The Capacity Market will soon be back in play after the European Commission approved it. Energy companies with agreements are looking forward to getting paid.
The market was suspended last year following a legal ruling by the European Court of Justice that the Commission did not conduct an in-depth investigation into aspects of compliance with State Aid rules.
The case was bought by Tempus Energy, which argued demand-side response was treated unfairly because it cannot currently bid for agreements longer than a year. New build generation can bid for 15-year agreements.
Announcing its decision, the Commission said it “did not find any evidence that the scheme would put demand response operators or any other capacity providers at a disadvantage with respect to their participation in the scheme”.
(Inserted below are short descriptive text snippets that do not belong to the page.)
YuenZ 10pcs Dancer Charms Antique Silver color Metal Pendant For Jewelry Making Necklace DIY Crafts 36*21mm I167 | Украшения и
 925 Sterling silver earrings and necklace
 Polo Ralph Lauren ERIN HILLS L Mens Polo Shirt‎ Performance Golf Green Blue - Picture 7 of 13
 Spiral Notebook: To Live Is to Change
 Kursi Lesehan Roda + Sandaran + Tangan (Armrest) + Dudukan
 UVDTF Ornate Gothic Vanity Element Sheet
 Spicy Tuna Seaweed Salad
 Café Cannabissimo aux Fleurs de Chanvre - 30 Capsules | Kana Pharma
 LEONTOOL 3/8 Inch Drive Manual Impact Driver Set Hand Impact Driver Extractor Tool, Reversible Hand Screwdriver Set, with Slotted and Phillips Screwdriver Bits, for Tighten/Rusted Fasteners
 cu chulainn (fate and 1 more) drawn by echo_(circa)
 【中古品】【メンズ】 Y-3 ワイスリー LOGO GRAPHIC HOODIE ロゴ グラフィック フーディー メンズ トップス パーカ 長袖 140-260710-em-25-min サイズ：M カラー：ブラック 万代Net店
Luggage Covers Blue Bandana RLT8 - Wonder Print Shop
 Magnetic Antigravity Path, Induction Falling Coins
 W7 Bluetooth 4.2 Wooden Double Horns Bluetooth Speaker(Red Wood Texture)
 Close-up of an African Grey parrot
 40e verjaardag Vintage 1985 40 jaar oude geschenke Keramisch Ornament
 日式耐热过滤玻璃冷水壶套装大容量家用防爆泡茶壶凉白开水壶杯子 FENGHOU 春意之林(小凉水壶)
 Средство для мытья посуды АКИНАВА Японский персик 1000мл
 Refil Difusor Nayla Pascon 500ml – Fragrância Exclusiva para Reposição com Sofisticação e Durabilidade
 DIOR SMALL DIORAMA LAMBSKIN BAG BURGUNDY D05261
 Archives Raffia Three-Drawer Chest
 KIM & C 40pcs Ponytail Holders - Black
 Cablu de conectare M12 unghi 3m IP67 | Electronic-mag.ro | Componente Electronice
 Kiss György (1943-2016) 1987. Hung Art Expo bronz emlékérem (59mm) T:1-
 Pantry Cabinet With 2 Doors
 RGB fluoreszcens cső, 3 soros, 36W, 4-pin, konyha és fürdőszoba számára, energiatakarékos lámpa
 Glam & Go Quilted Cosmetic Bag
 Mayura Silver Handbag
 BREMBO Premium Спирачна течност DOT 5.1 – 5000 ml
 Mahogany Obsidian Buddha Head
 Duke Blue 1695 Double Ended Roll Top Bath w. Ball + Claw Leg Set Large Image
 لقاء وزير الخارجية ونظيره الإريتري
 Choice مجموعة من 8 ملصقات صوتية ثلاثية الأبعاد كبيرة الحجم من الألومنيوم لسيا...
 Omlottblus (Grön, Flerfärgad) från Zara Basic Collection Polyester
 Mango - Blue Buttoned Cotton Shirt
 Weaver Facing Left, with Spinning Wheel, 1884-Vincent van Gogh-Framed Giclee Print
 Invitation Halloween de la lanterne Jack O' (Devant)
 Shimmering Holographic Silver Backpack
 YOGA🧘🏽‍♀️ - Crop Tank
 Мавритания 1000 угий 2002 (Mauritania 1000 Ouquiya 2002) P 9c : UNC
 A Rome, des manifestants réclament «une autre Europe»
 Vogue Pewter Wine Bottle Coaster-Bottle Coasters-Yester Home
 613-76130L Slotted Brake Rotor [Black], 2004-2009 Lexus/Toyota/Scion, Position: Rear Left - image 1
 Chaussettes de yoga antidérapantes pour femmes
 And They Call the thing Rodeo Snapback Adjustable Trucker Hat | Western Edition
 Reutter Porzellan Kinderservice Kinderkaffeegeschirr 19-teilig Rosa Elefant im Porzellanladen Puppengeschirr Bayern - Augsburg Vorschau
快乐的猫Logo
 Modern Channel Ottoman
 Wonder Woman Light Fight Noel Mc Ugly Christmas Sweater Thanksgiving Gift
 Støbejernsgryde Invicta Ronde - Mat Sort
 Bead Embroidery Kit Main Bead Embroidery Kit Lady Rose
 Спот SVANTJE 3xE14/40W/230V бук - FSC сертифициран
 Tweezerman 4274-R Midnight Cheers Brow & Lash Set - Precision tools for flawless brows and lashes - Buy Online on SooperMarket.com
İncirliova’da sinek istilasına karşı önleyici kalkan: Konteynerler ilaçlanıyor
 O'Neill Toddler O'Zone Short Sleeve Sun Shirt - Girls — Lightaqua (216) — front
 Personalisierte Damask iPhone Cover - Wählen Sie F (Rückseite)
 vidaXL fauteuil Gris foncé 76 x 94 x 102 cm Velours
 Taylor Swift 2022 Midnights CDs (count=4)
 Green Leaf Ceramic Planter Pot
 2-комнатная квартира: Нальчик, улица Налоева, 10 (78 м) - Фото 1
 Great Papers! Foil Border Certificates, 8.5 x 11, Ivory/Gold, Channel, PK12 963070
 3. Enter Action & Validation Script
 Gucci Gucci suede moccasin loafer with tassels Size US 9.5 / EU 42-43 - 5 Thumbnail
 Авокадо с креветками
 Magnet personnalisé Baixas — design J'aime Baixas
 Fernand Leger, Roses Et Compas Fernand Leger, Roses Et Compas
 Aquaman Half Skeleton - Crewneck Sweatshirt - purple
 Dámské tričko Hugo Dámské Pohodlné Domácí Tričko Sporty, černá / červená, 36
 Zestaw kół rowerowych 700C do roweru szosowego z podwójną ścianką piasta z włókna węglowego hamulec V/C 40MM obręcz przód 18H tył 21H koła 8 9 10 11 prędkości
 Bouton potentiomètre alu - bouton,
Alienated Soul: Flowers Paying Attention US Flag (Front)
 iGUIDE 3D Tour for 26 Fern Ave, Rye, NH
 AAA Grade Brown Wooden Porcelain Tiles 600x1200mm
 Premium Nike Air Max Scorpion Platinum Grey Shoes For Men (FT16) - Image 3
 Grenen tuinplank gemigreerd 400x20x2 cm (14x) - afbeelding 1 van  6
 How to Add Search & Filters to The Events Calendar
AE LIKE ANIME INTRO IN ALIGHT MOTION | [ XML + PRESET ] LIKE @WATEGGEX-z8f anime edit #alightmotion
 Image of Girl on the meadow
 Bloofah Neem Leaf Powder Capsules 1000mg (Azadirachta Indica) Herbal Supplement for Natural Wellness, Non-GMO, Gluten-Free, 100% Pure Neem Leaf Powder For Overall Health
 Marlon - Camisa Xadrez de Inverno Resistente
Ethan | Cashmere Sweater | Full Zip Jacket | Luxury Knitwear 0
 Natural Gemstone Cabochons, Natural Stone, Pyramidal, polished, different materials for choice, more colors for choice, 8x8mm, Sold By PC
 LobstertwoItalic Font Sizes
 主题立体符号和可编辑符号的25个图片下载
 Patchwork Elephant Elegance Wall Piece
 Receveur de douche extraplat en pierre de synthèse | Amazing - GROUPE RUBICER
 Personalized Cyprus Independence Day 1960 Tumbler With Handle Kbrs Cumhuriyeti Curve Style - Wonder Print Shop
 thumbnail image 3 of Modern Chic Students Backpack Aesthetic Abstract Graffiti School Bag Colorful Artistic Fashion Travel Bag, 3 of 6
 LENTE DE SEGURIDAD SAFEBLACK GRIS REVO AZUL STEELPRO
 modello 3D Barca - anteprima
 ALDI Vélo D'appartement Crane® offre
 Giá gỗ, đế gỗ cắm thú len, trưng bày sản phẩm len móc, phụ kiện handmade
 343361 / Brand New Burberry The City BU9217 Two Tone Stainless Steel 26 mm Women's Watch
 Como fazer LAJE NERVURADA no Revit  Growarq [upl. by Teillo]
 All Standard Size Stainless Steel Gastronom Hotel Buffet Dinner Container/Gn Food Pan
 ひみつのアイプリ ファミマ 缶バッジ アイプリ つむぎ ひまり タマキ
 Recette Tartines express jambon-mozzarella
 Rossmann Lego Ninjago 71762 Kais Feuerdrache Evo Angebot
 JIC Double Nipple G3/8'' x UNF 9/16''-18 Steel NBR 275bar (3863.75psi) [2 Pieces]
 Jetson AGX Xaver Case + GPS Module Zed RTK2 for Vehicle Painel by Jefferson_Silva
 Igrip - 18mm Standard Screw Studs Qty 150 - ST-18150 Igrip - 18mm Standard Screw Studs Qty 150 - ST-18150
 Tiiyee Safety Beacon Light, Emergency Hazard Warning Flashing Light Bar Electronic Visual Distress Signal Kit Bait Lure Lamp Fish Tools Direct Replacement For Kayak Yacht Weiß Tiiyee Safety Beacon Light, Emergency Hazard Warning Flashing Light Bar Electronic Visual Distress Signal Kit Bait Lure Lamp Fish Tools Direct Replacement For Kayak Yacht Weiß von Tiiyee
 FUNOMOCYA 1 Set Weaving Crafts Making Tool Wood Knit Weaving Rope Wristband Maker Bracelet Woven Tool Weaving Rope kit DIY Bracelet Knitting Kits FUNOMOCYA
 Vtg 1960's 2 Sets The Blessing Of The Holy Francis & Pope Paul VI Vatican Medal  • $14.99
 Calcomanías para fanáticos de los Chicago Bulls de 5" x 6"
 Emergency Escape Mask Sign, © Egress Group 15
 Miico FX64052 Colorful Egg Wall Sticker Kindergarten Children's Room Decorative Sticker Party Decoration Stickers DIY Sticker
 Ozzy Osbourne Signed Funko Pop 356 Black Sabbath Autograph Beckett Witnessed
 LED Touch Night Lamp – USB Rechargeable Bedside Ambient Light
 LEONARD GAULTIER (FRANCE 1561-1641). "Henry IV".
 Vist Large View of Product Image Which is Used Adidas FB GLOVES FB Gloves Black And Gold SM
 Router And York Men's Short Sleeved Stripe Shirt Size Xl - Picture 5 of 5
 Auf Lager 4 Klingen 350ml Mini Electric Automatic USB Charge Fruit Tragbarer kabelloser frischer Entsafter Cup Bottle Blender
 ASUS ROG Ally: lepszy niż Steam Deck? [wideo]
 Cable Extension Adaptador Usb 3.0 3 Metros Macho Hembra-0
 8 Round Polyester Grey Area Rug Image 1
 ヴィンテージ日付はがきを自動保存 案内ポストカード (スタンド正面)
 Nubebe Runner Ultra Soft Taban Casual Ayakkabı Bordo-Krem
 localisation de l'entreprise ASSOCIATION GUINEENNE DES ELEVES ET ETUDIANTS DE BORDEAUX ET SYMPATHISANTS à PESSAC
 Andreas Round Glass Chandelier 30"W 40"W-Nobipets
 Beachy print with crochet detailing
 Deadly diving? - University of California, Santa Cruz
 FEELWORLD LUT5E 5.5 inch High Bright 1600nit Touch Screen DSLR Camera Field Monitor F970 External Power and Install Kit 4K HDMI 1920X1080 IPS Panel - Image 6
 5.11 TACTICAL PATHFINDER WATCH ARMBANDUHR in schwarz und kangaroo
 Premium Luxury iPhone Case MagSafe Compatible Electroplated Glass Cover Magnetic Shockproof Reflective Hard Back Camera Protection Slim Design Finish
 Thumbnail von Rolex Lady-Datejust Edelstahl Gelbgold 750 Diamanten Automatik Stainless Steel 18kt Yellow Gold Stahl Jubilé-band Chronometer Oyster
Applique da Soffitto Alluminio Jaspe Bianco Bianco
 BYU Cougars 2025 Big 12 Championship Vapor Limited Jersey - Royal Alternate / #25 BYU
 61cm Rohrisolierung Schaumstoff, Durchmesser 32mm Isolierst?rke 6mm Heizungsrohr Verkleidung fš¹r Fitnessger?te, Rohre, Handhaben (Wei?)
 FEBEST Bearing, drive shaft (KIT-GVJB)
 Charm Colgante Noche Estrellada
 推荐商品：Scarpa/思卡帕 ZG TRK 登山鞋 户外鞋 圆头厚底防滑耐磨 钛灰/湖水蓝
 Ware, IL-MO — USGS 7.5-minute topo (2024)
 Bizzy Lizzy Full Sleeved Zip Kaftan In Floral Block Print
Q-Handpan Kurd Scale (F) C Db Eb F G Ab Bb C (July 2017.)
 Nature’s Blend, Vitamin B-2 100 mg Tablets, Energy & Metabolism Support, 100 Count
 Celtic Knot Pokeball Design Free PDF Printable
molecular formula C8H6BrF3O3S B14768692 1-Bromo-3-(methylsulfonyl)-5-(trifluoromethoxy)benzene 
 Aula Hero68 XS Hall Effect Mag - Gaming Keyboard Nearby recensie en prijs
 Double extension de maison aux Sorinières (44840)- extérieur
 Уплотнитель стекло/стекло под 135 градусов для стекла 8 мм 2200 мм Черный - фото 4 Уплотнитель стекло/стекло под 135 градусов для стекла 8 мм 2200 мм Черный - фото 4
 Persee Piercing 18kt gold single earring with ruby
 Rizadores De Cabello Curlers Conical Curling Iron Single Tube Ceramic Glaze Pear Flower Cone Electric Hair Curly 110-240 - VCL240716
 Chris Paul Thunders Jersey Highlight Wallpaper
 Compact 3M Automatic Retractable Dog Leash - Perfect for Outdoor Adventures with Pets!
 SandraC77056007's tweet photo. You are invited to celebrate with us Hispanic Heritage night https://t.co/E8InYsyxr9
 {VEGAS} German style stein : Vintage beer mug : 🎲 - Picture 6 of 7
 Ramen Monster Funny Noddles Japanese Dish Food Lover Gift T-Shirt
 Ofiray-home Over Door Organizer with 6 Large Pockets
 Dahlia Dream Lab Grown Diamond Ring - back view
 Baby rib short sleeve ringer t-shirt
It also noted that the UK government has “committed to implementing certain improvements to the scheme for the future” with regards to minimum capacity entry thresholds, rules for new types of capacity and access to long-term contracts.
Beis agreed to look into the case for longer term contracts for DSR within the five-year review, but has yet to announce any changes.
Energy secretary Andrea Leadsom said the department “will shortly consult on arrangements for implementing these commitments”.
The reinstatement means energy companies will get the money withheld during the market’s suspension. That represents around a £1bn for last winter.
Meanwhile the provisional agreements awarded in July are now rubber stamped, and the three auctions scheduled for early next year are set to proceed.
It also means Tempus Energy’s bid to enforce the November judgement via a Judicial Review set to commence next month is now dead.
Meanwhile energy suppliers that have not paid the Capacity Market charge while it was suspended will have to pay up, which may prove a challenge for those already to struggling to pay levies.